- **WHAT THE TASK ASKS**
This exercise asks for an exact copy of the lines from the one containing "Thermal Grizzly Putty" through the final line of the material, with pictures omitted.

- **DATA SEGMENT**
:::::
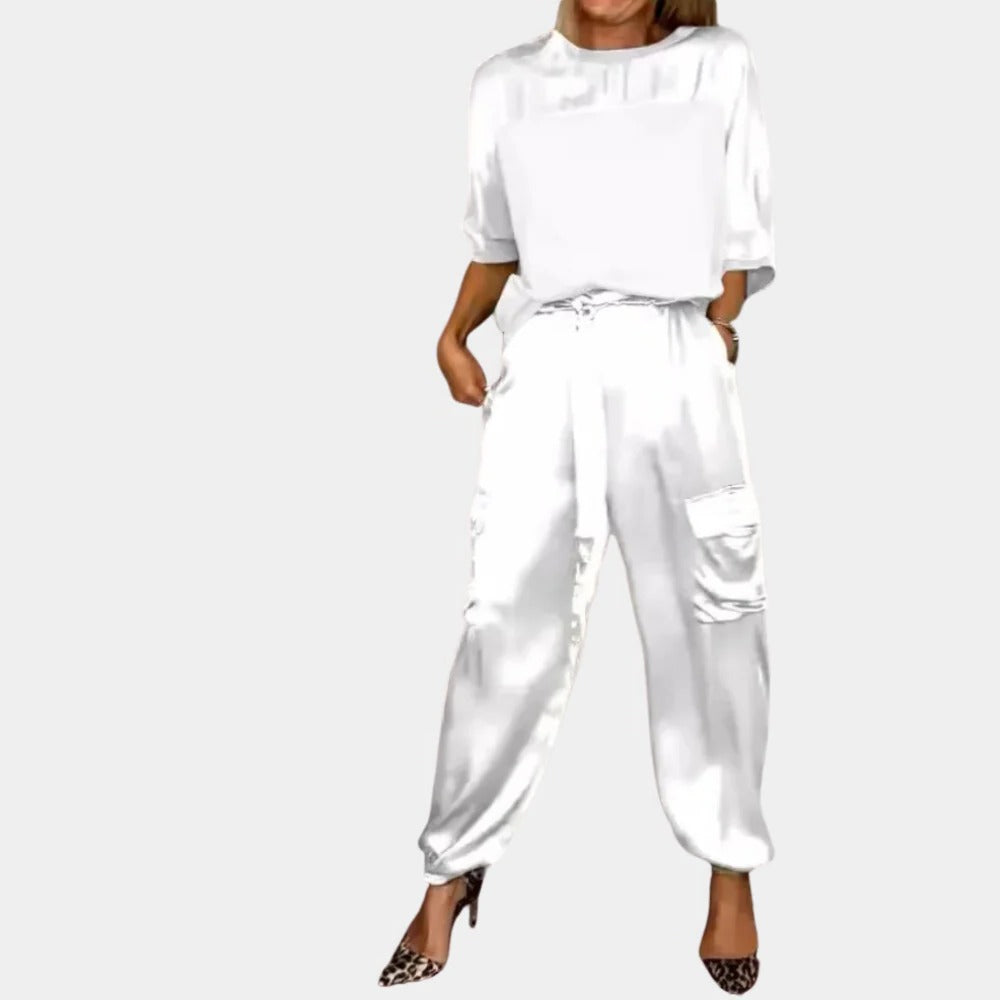 NOMOVA Stylish Two-Piece Ladies Set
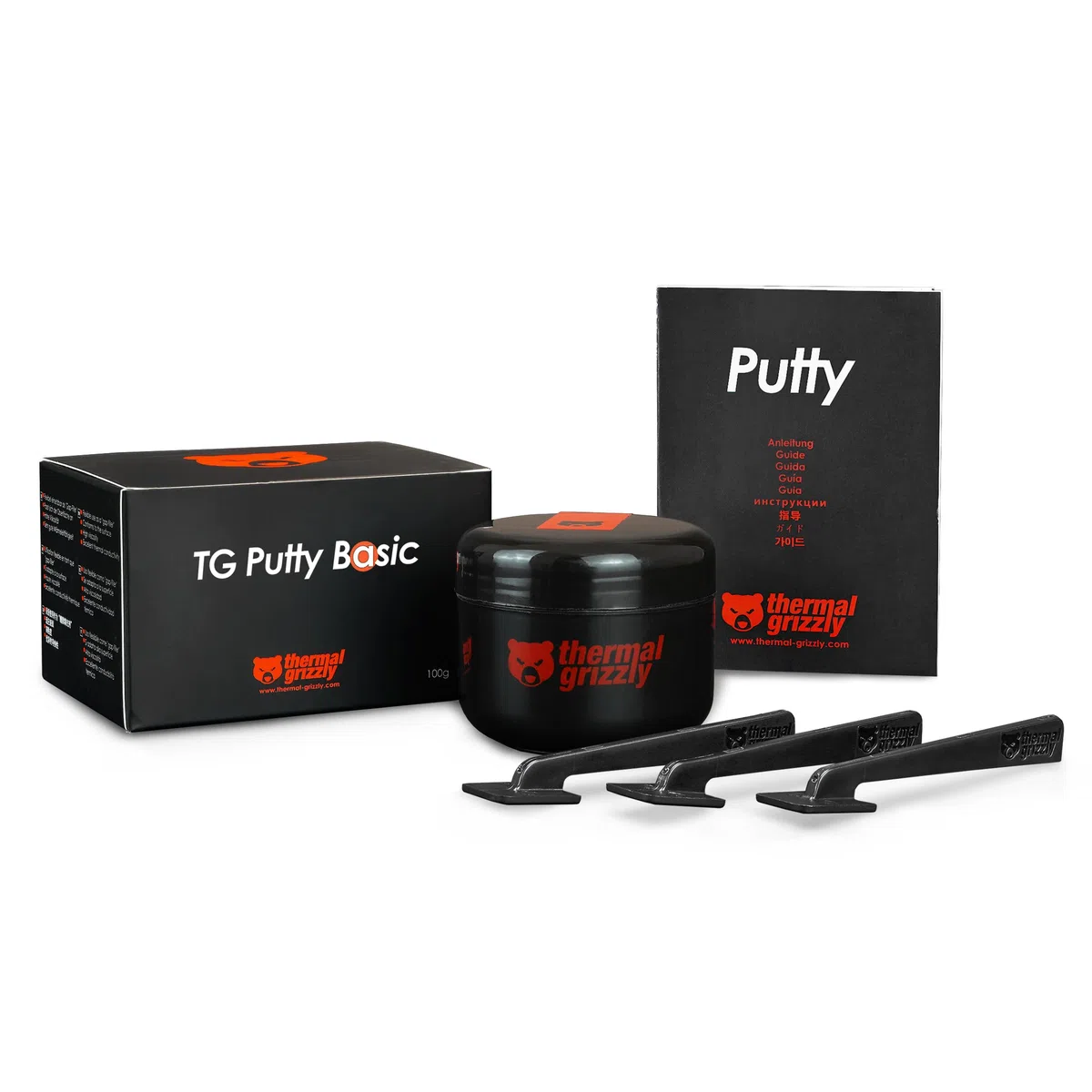 Thermal Grizzly Putty Basic W?rmeleitpaste - 100g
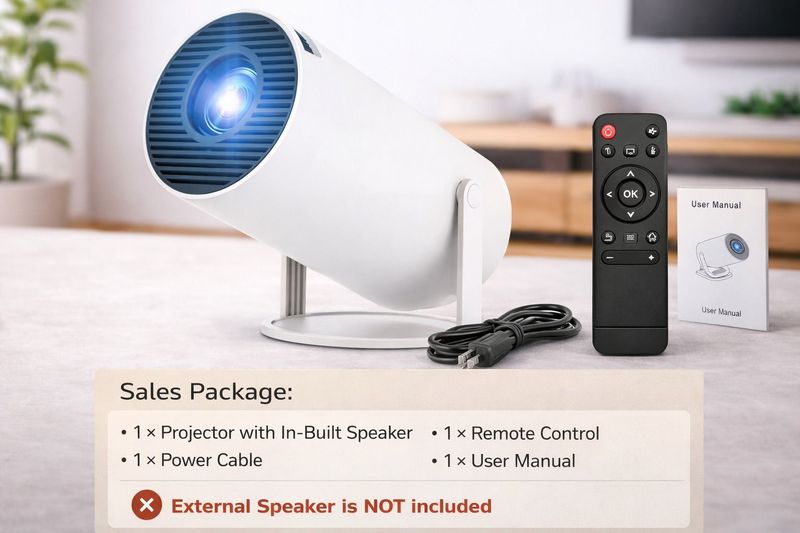 Amit HY300 Portable Projector Android 11 - Image 6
:::::
- **TASK RESULT**
 Thermal Grizzly Putty Basic W?rmeleitpaste - 100g
 Amit HY300 Portable Projector Android 11 - Image 6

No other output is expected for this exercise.